▶ _Aim of the exercise_
Repeat only the lines below that run from the line with "MILWAUKEE 13 x" to the line with "Big Sister - Christmas - Baby Grow", ends included; skip every picture.
==== Input material ====
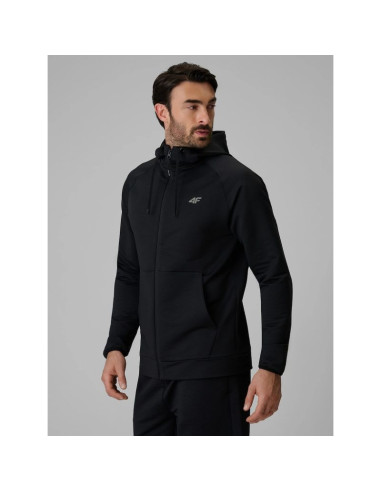 Bluza treningowa regular z kapturem męska 4f 4frss26tfswm0872-20s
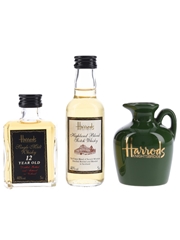 Assorted Harrods Whisky  3 x 5cl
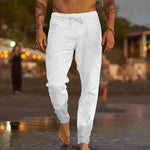 Sherwood men's slim fit drawstring pants in White, view 5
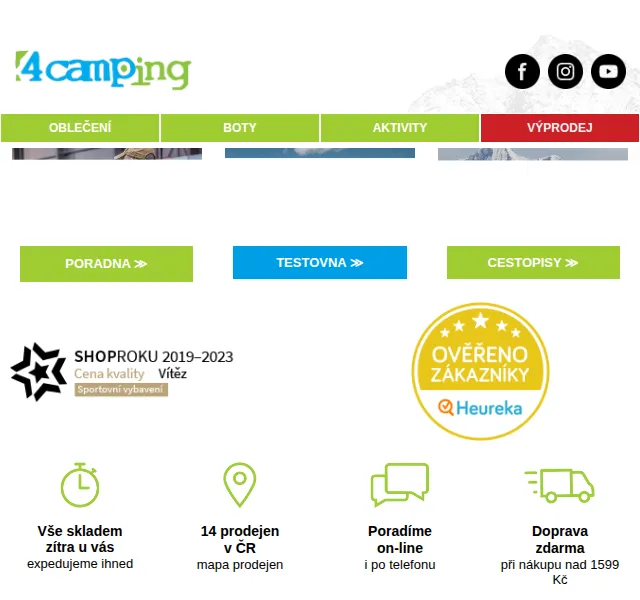 4camping.cz: Vše pro kempování – červenec 2026 | Nuslet.cz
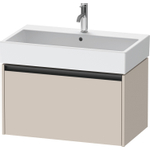 Duravit Ketho.2 Wastafelonderbouwkast - met 1 lade - 78.4x46x44cm - met greep antraciet - taupe mat SW772805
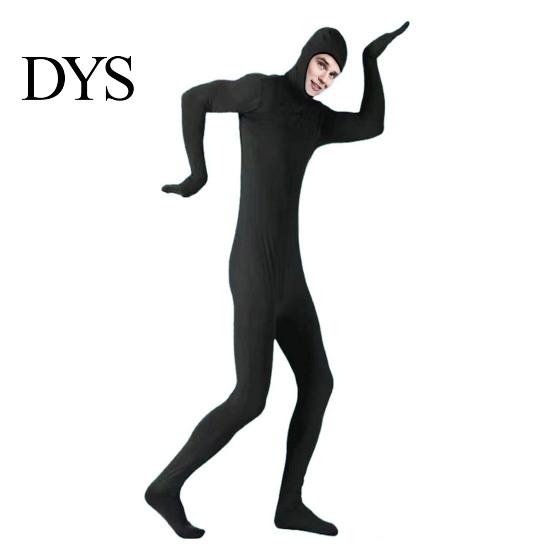 Costume Party Unitard Full Body Zentai Suit for Men Women, Open Face Halloween Cosplay Bodysuit, Adults Stretchy Spandex Party, Stage Performance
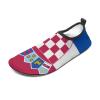 Croatian Flag Water Shoes, Beach Shoes for Men and Women, Swimming Pool Yoga, Surfing Sneakers view 1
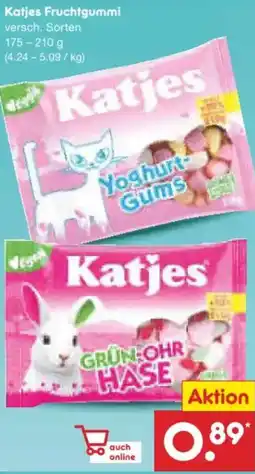 Netto Marken-Discount Katjes Fruchtgummi Angebot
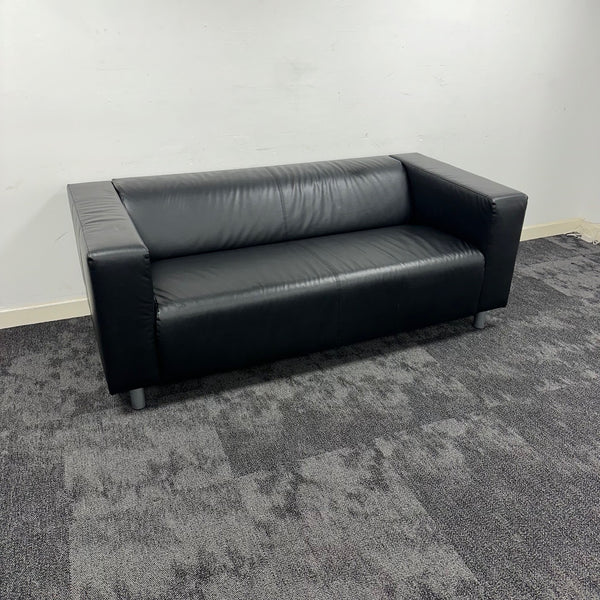 Used Faux Leather Sofa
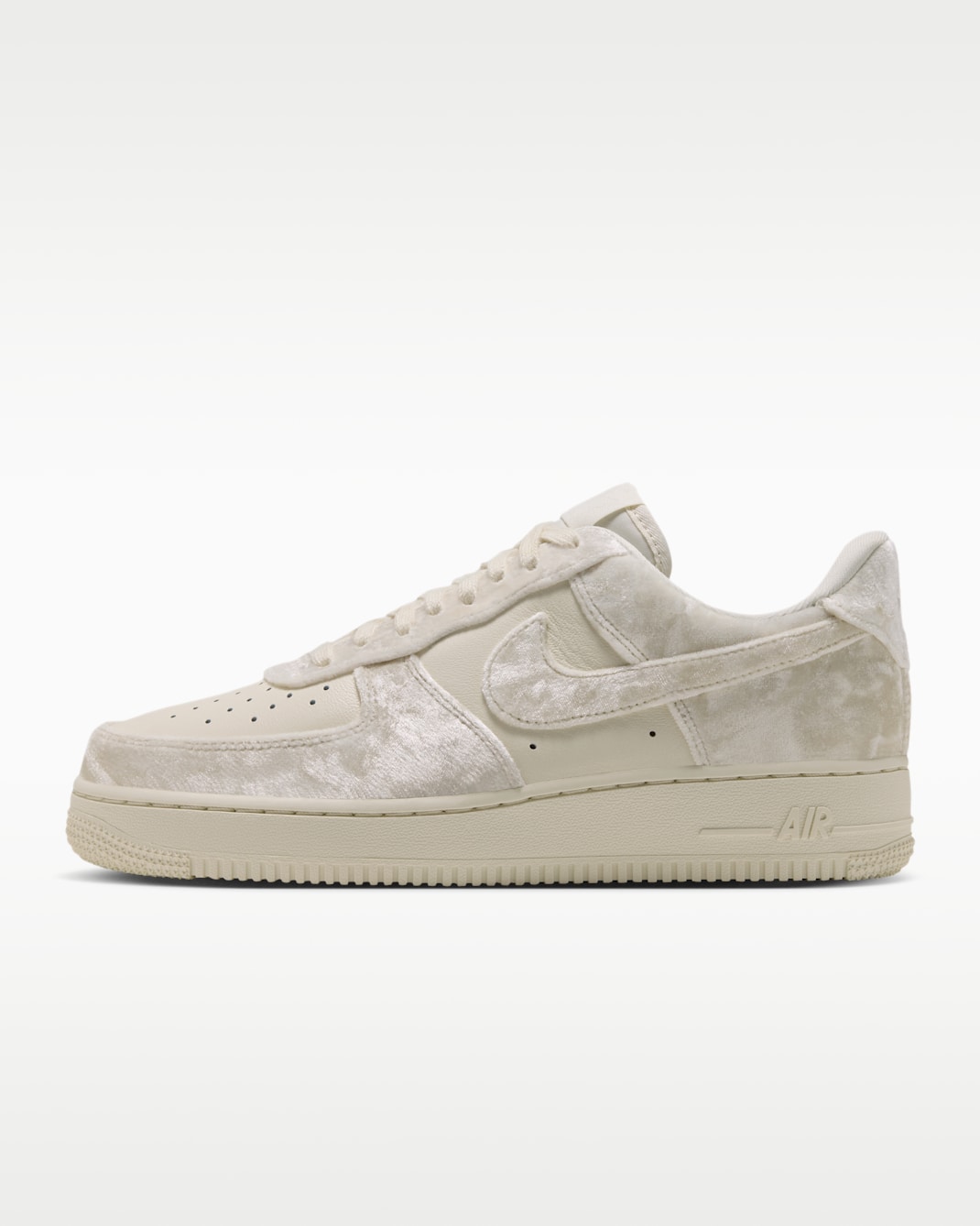 Nike Air Force 1 '07 SE Velvet Women's Shoes - Pale Ivory/Metallic Silver/Pale Ivory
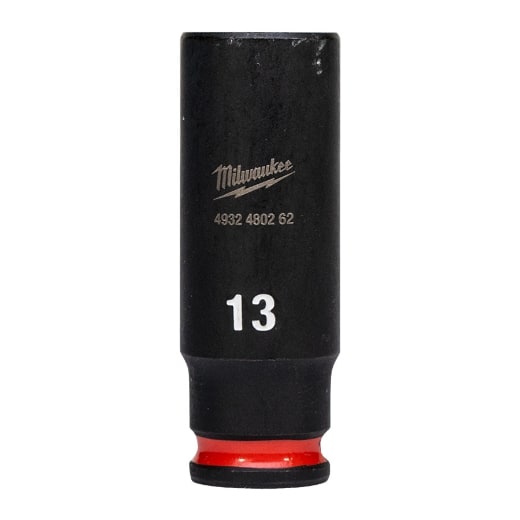 MILWAUKEE 13 x 50 mm SHOCKWAVE Schlagnuss 1/4" lang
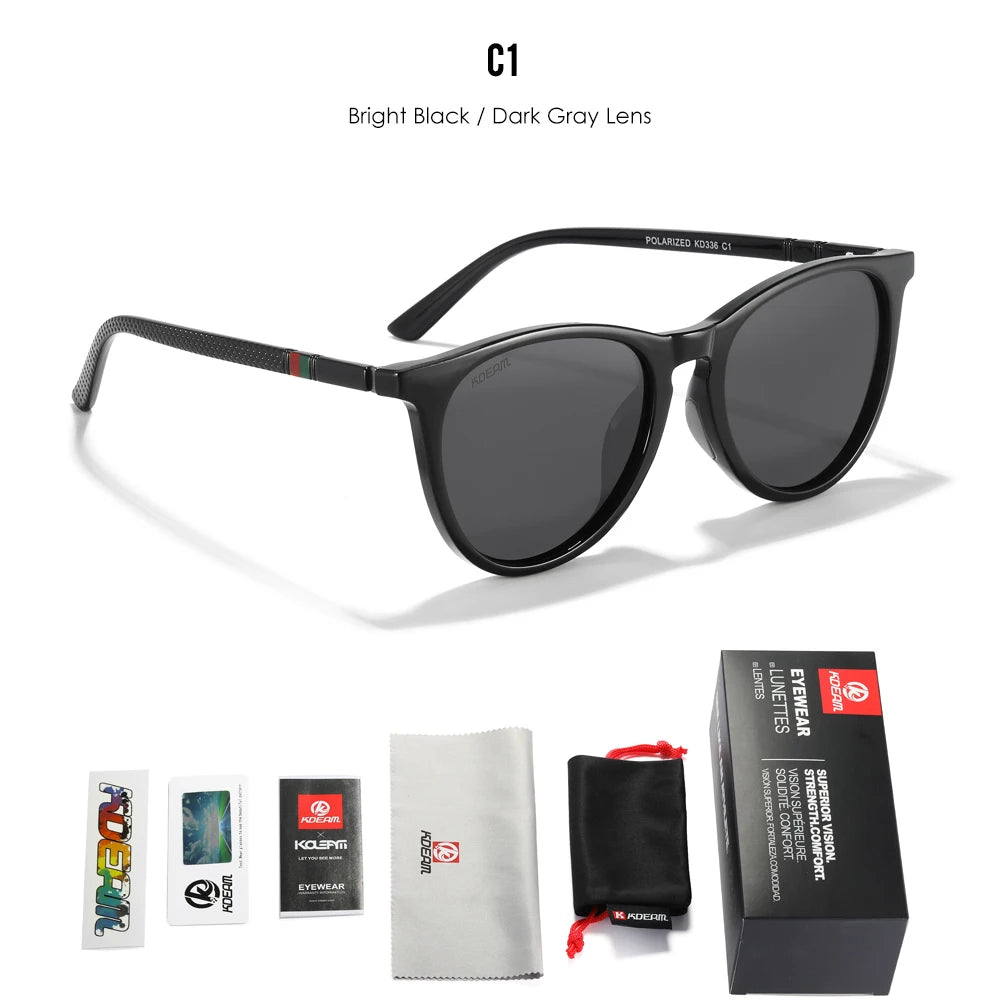 Damen-Sonnenbrille Vintage photochrom polarisiert Reisen Fahren Wandern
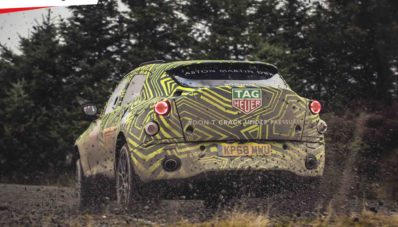 SUV Perdana Aston Martin DBX Sedang Diuji Coba SUV Perdana Aston Martin DBX Sedang Diuji Coba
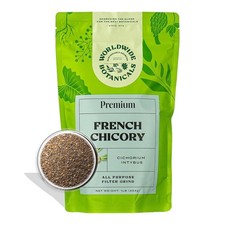 Worldwide Botanicals French Chicory Root, 1 Pound - Brew Like Coffee, 1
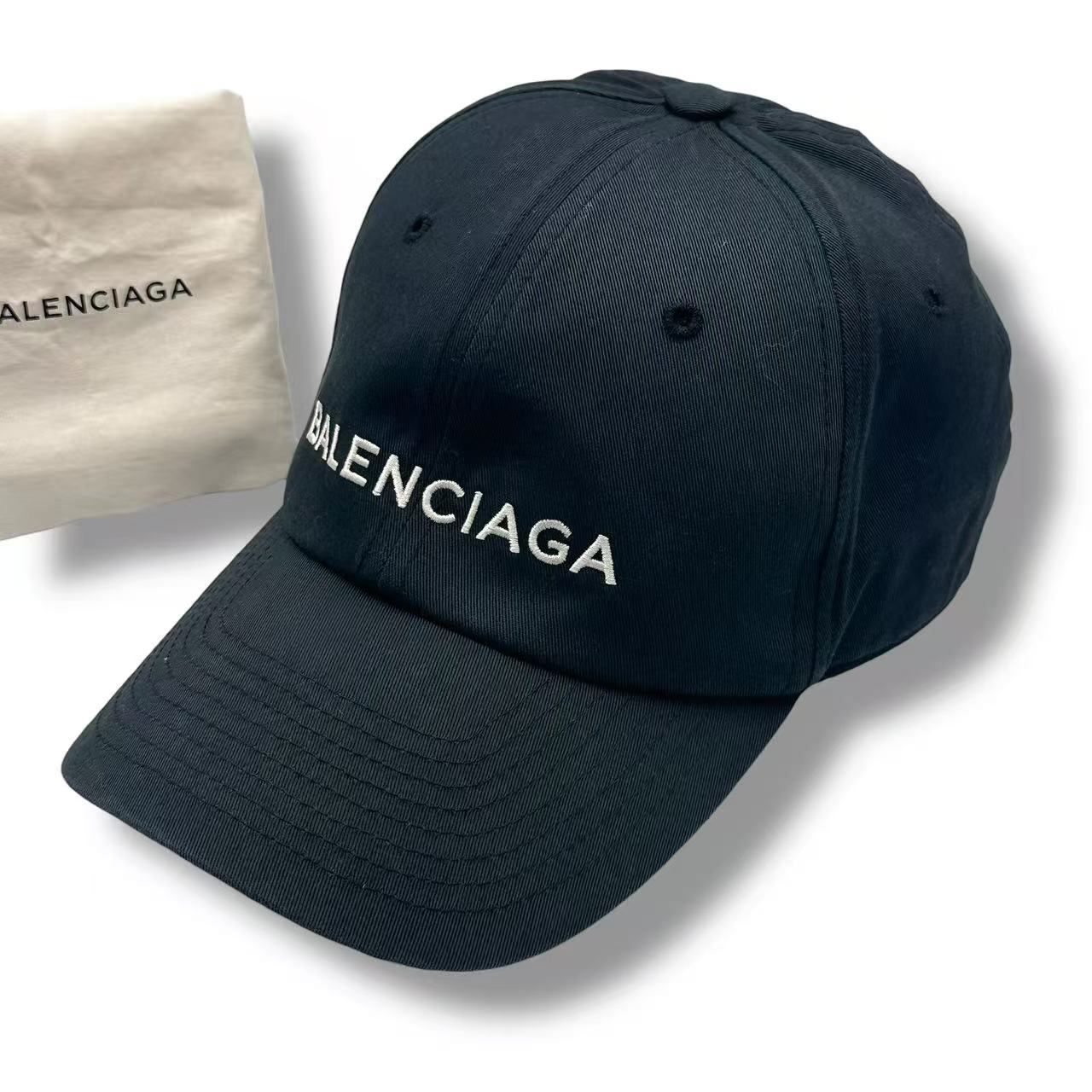 極美品 BALENCIAGA バレンシアガ キャップ 刺繡ロゴ ブラック サイズL 22,111円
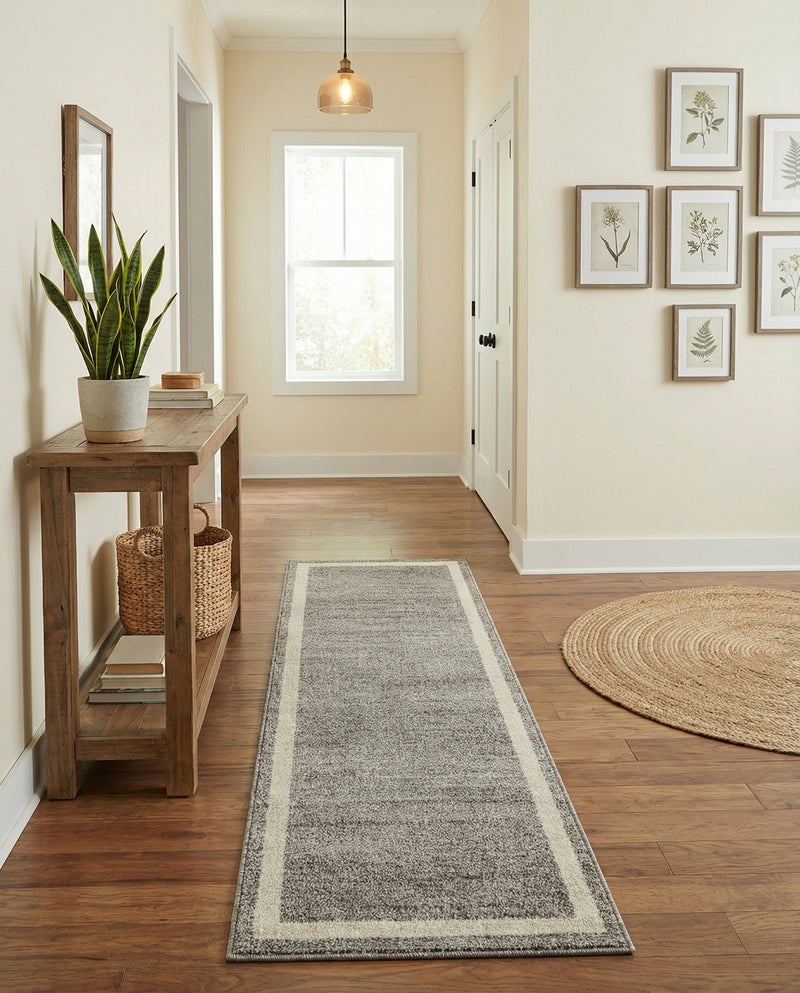 Studio Haven Collection Area Rug -  Alcove (Gray) Runner Gray  lifestyle 61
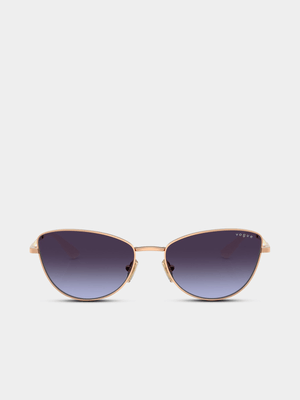 Vogue Eyewear Gold  56 Sunglasses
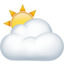 Sun Behind Cloud emoji on Apple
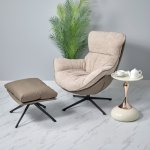 Кофейный столик Angel 40x55см, белый, металл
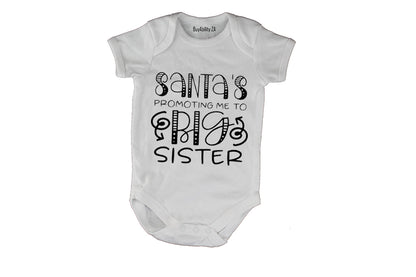 Big Sister - Christmas - Baby Grow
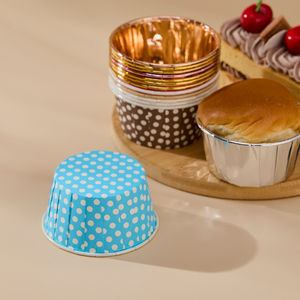 High Temperature Resistant Disposable <strong>Paper</strong> <strong>Cup</strong> Baking <strong>Mini</strong> Aluminum Foil Cupcake Baking <strong>Cups</strong> Disposable <strong>Mini</strong> Cake Containers - Product Image 5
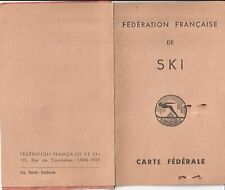 Vieux papiers - Fédération Française de Ski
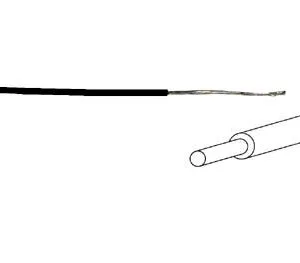 0.5 mm Hook-up Wire - 100 m Reel - Black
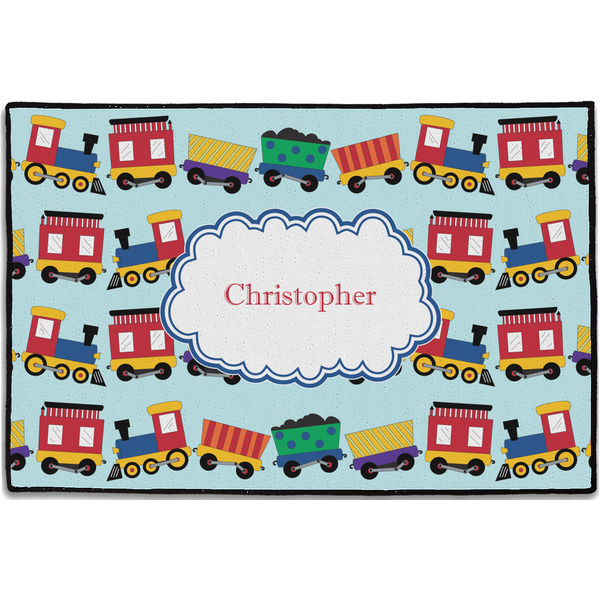 Trains Personalized Door Mat - 36x24 (APPROVAL)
====
▶ _Response_
 MILWAUKEE 13 x 50 mm SHOCKWAVE Schlagnuss 1/4" lang
 Damen-Sonnenbrille Vintage photochrom polarisiert Reisen Fahren Wandern
 SUV Perdana Aston Martin DBX Sedang Diuji Coba SUV Perdana Aston Martin DBX Sedang Diuji Coba
 Worldwide Botanicals French Chicory Root, 1 Pound - Brew Like Coffee, 1
 極美品 BALENCIAGA バレンシアガ キャップ 刺繡ロゴ ブラック サイズL 22,111円
 Studio Haven Collection Area Rug -  Alcove (Gray) Runner Gray  lifestyle 61
 Vogue Eyewear Gold  56 Sunglasses
 Sun Behind Cloud emoji on Apple
 Кофейный столик Angel 40x55см, белый, металл
 Big Sister - Christmas - Baby Grow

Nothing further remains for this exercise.